Every utility-scale solar-plus-storage project that reaches financial close in 2026 does so on a PPA whose pro forma assumes a specific quantity of capacity value the project will earn in each year of operation. That capacity revenue is what turns a merchant-tail solar asset into a financeable clean-firm generation asset for a hyperscaler counterparty, and it is what the tax equity investor prices against the credit stack. The number matters enough that a 5-percentage-point swing in accredited capacity moves the levered equity yield by 30 to 50 basis points on a typical 2026 solar-plus-storage deal.
That number is not a single figure that follows the project across markets. PJM, MISO, and ERCOT now use three genuinely different frameworks to translate a nameplate solar-plus-storage installation into a capacity credit, and the same physical asset would earn materially different capacity revenue depending on which of the three interconnection queues it cleared. The gap between the three is widening as ELCC saturation curves steepen, as MISO’s seasonal accreditation matures into its third planning year, and as ERCOT continues to defer the Performance Credit Mechanism it authorized in 2023. Reading the July 2026 Steel River class of announcements against the actual capacity math each project earns requires holding all three frameworks in view.
PJM: joint ELCC and the storage saturation curve
PJM adopted effective load carrying capability, or ELCC, as its capacity accreditation method for wind, solar, storage, and hybrid resources through the FERC filing that settled in 2021 and took full effect for the 2024/2025 delivery year. ELCC measures the amount of perfect capacity a resource can replace while maintaining the same reliability level on the system, expressed as a percentage of nameplate.

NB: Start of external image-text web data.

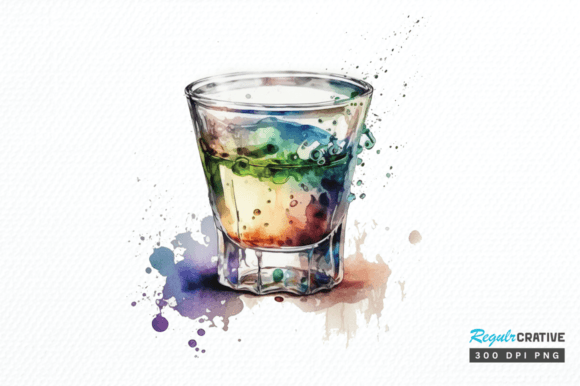 Download Watercolor Shot Glass Clipart Png - Shot glass Collection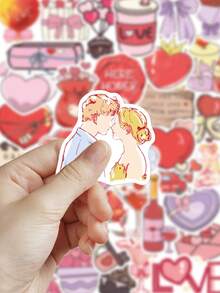 50pcs Valentine's Day Letter Stickers For Phone Case, Planner, Diary, Scrapbook, Greeting Card, Envelope, Guitar, Skateboard, Helmet, Tablet, Holiday Gift - Valentine's Day Letter - View 4
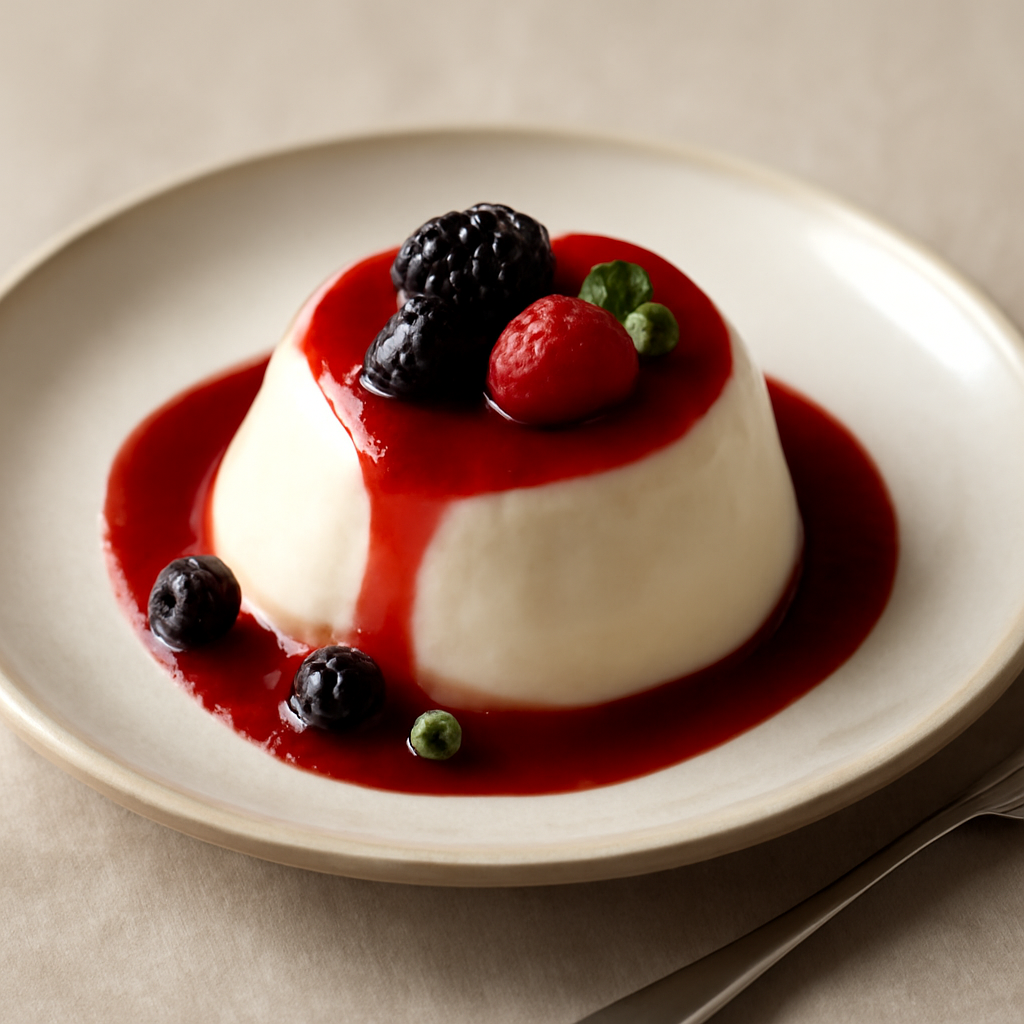 Panna cotta al cocco con coulis ai frutti di bosco.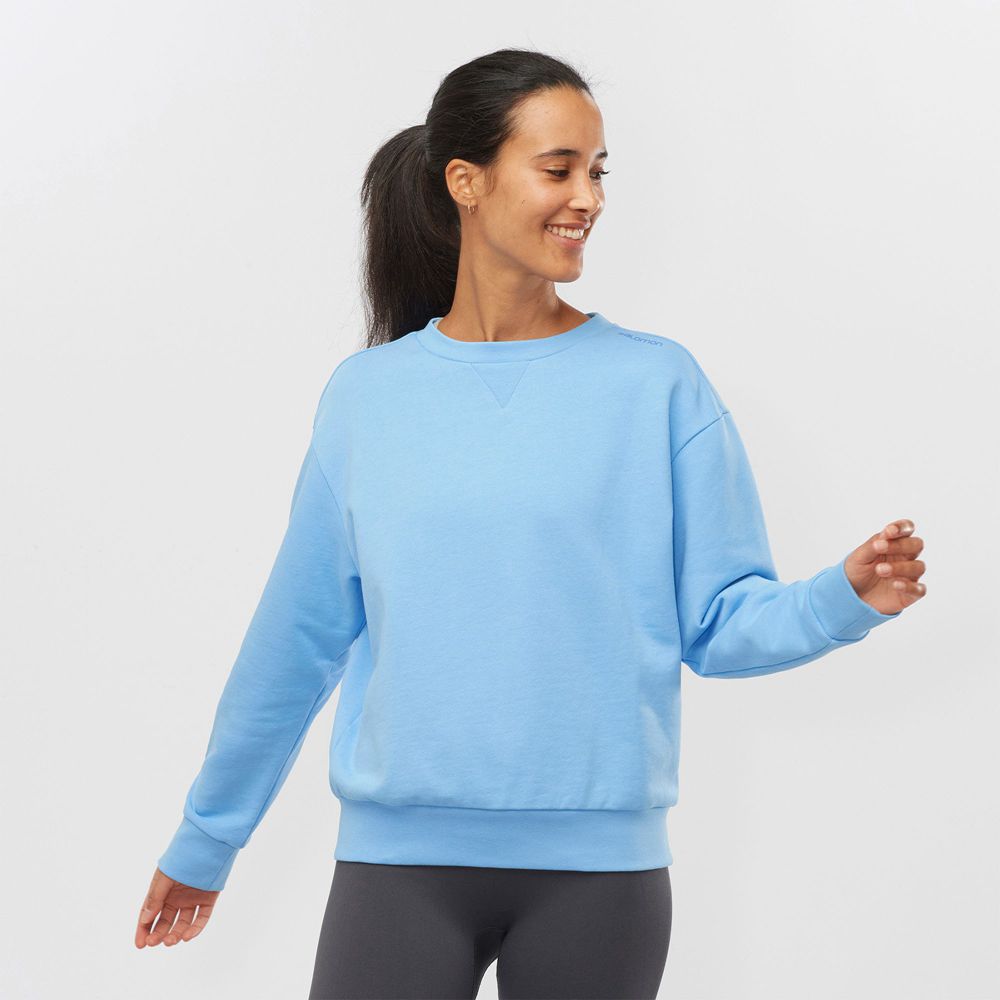 Salomon Singapore Womens Pullover - OUTLIFE SUMMER Blue | 15034-YUCX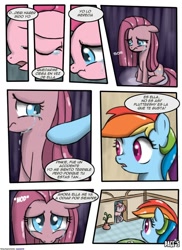 Size: 762x1048 | Tagged: safe, artist:speccysy, imported from derpibooru, pinkie pie, rainbow dash, comic:sight for really sore eyes, crying, pinkamena diane pie, sad, spanish, translation, wavy mouth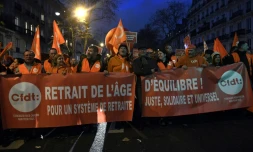 Des membres de la CFDT lors de la manifestation du 17 décembre 2019 à Paris
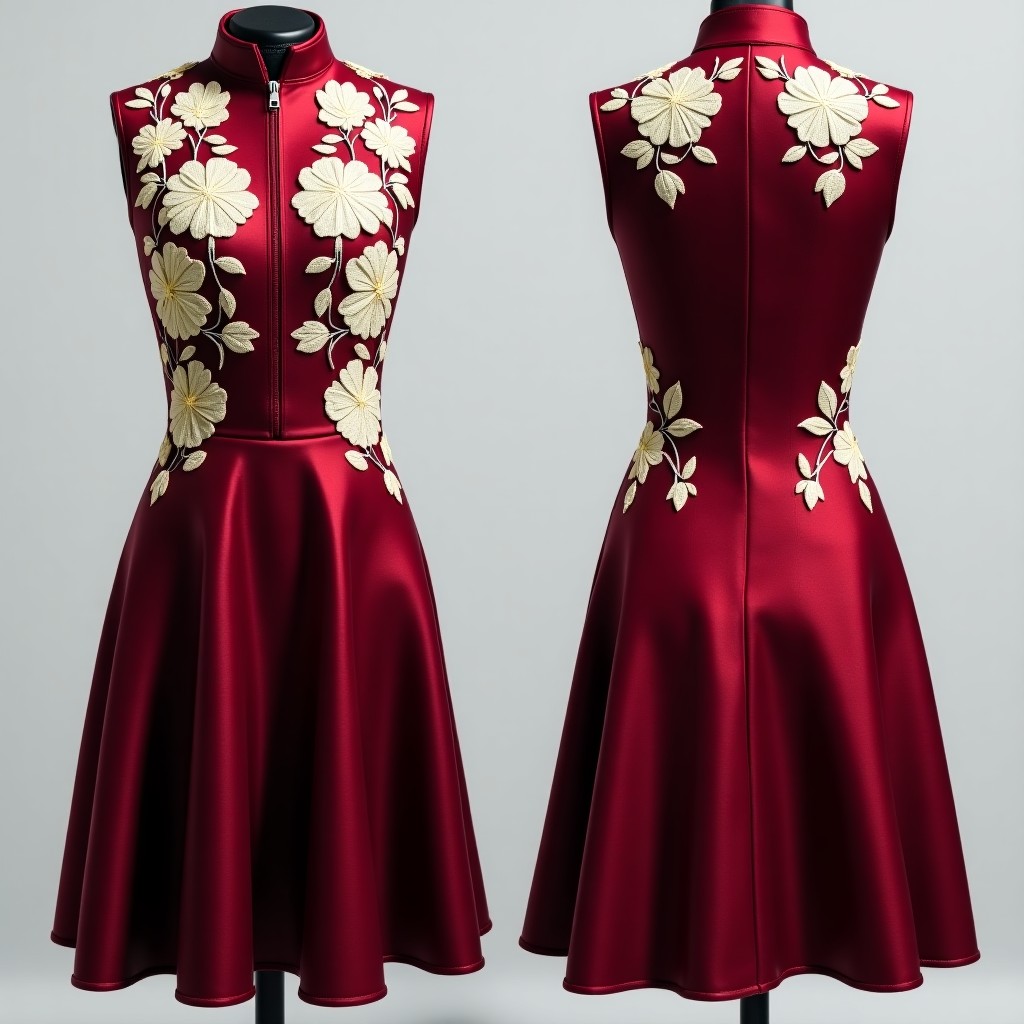 Elegant Maroon Embroidered Abaya Gown
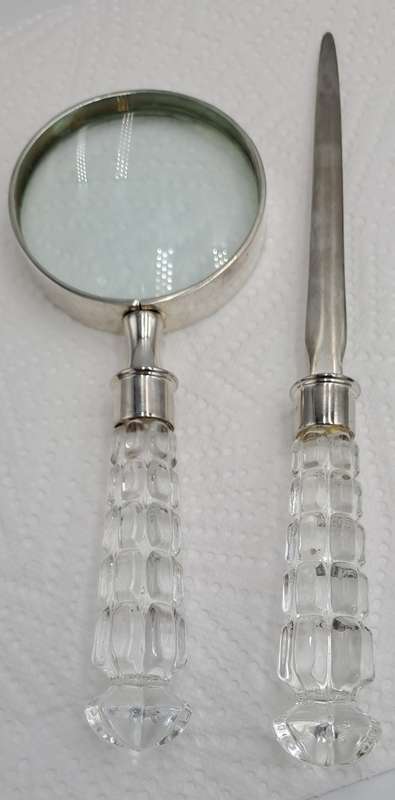Magnifying Glass and Letter Opener with Crystal handles-Maison de Campagne-French Made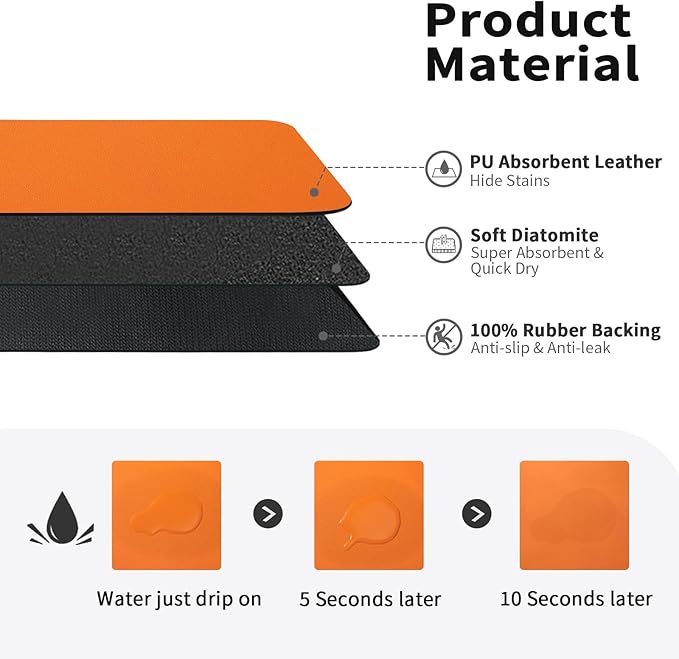 HotLive Dish Drying Mat for Kitchen Counter, Heat Resistant Drainer Mats with Non-slip Rubber Backed, Hide Stain Kitchen Super Absorbent Draining Mat, Easy to Clean Dish Rack Pad, Orange 18"x28"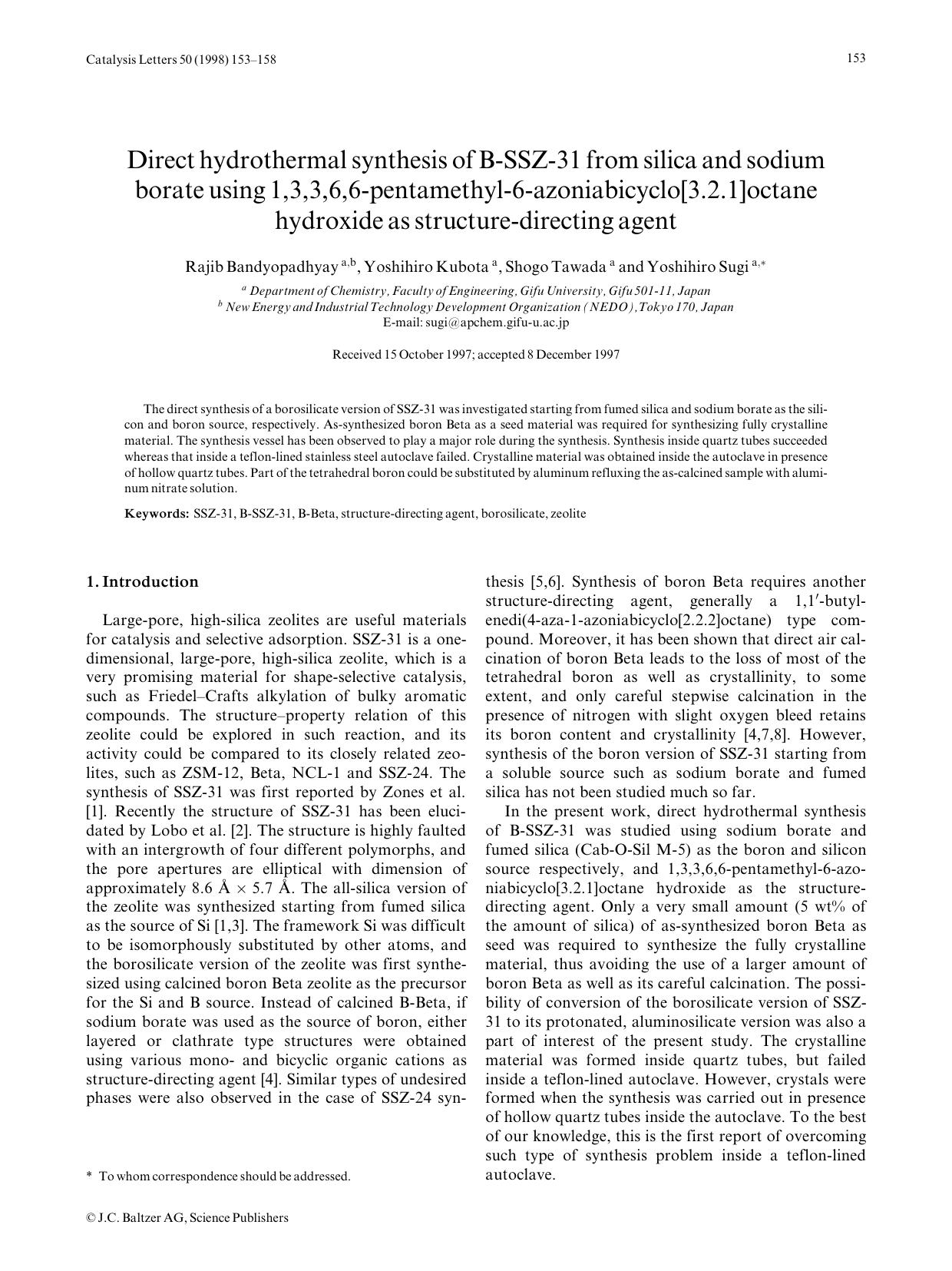 Direct hydrothermal synthesis of B-SSZ-31 from silica and sodium borate using 1,3,3,6,6-pentamethyl-6-azoniabicyclo[3.2.1]octane hydroxide as structure-directing agent by Unknown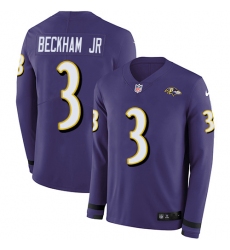 Youth Nike Baltimore Ravens #3 Odell Beckham Jr. Purple Team Color Stitched NFL Limited Therma Long Sleeve Jersey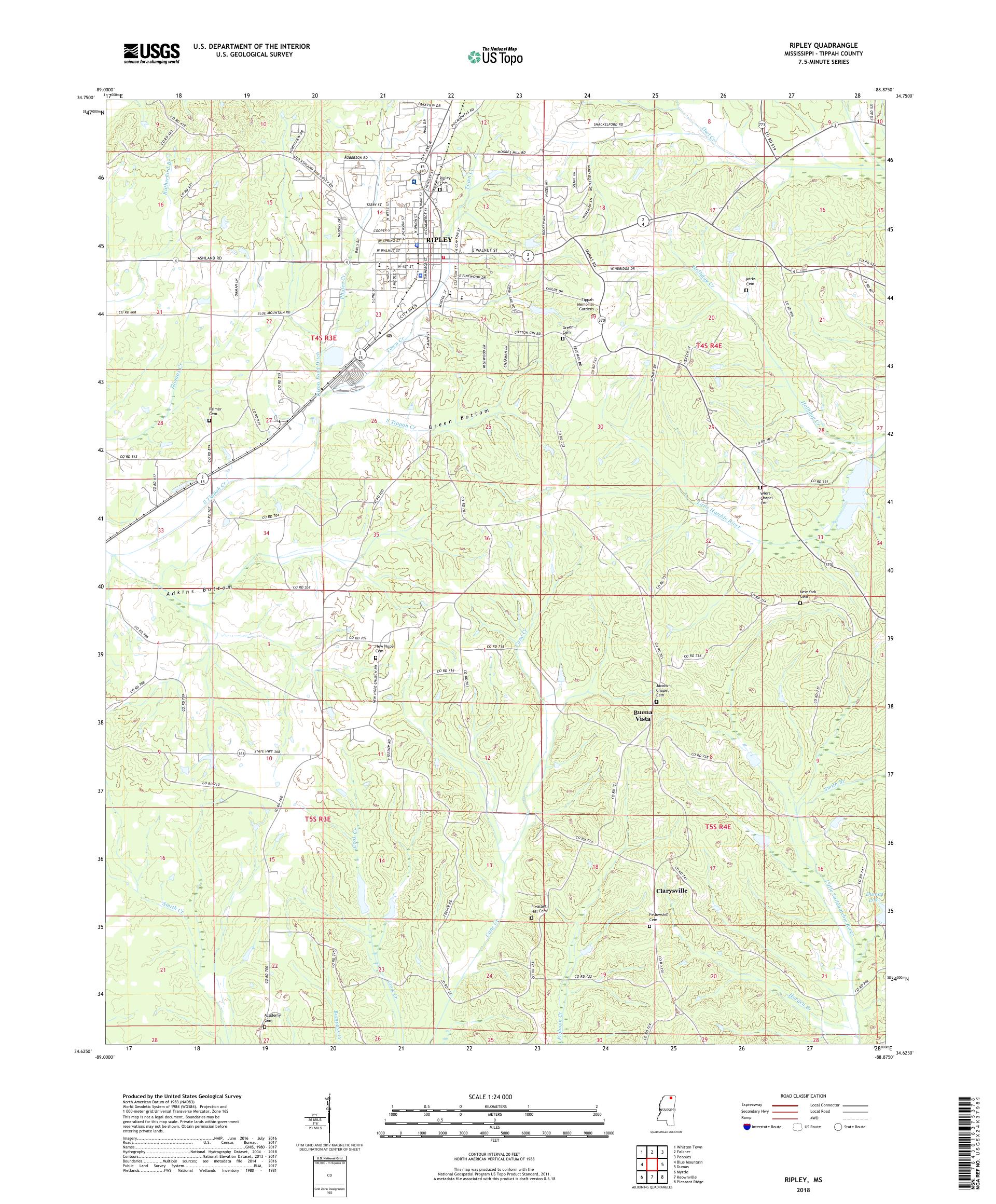MyTopo Ripley, Mississippi USGS Quad Topo Map
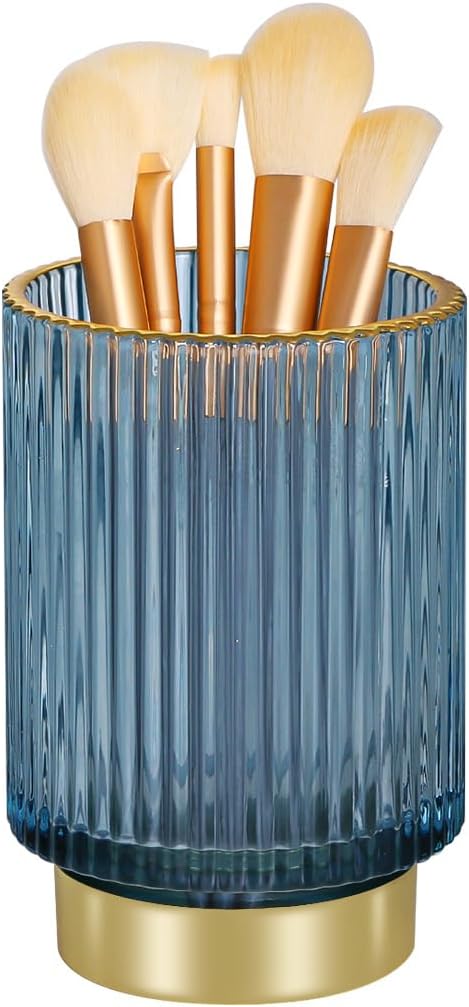 Glass Makeup Brush Holder,Gold Toothbrush Holders,Cute Make Up Brush Cup Holder,Vintage Vanity Makeup Organizer for Bathroom and Desktop (Blue)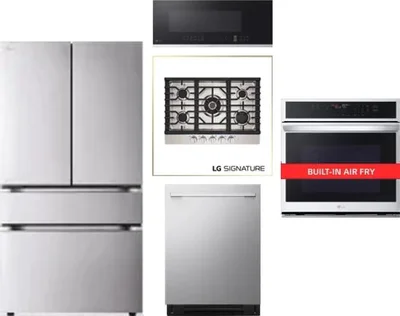 5 Piece Package Includes Refrigerator, Cooktop, Wall Oven, Microwave And Dishwasher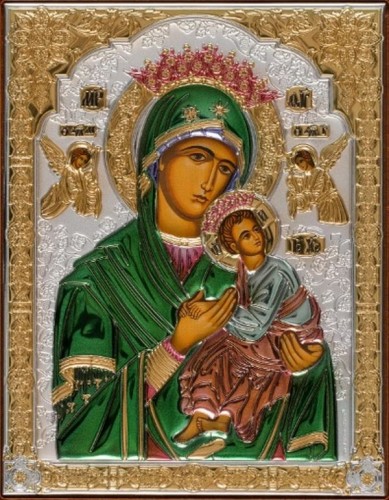 Ikona (grecka) srebrna kolorowa pozłacana Matka Boża Nieustającej Pomocy 10x12,5 cm - 67308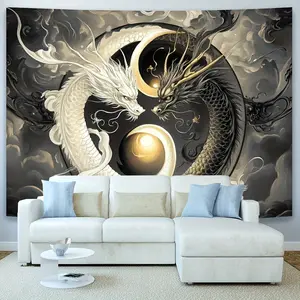 1pc Yin Yang Dragon Background Cloth - White & Black Dragon Art with Golden Sun & Swirling Clouds Design, High-Quality Polyester Fabric for Indoor/Outdoor Home Office Party Decor, No Electricity Needed, Dragon Decor, Indoor Decoration, Artistic Wall Hangi
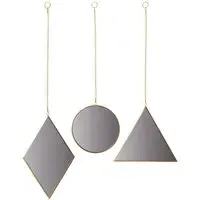 Prism Wall Mirrors 3 Pack - Gold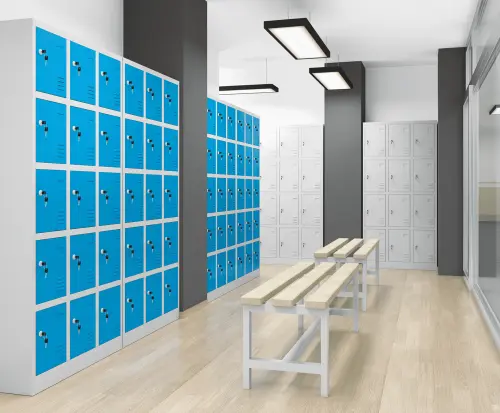 SLD 150 NX lavice šatní, dřevo/ konstrukce šedá RAL 7035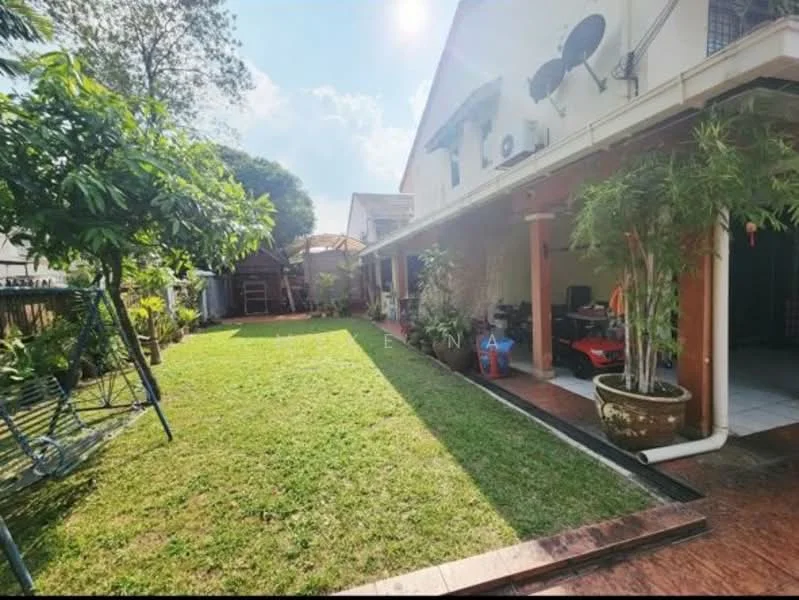 Exterior type: detached bungalow; features: manicured lawn, mature trees, patio area, swing set, outdoor seating area, garden, air conditioning units on wall, outdoor lighting, fenced perimeter; style: modern.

It is calculated annually by PJM’s independent market monitor and the RTO’s Resource Adequacy group, using a chronological Monte Carlo model of the system’s loss-of-load-expectation profile.
The ELCC values PJM published for the 2028/2029 base residual auction, which cleared July 7, 2026, tell the story of storage saturation. Four-hour standalone storage ELCC came in at 62 percent, down from 64 percent in the 2027/2028 auction, and materially below the 90 to 95 percent values that four-hour storage carried in the first PJM ELCC calibration in 2022. The mechanism is straightforward: each incremental gigawatt of storage on the PJM system pushes the marginal ELCC lower, because the same four-hour discharge window now overlaps with a larger existing storage fleet during the top loss-of-load hours. The 2028/2029 calibration reflects a PJM storage installed base of roughly 11 to 12 GW nameplate, up from about 4 GW in the calibration that set the 2024/2025 values.
Solar ELCC in PJM for the 2028/2029 auction sat at 9 percent for fixed-tilt and 12 percent for single-axis tracker, roughly flat against the prior auction. The solar ELCC curve has been more stable than storage because summer peak coincidence in PJM is already largely priced into the number, and the marginal solar contribution to reliability during evening ramp hours is already low.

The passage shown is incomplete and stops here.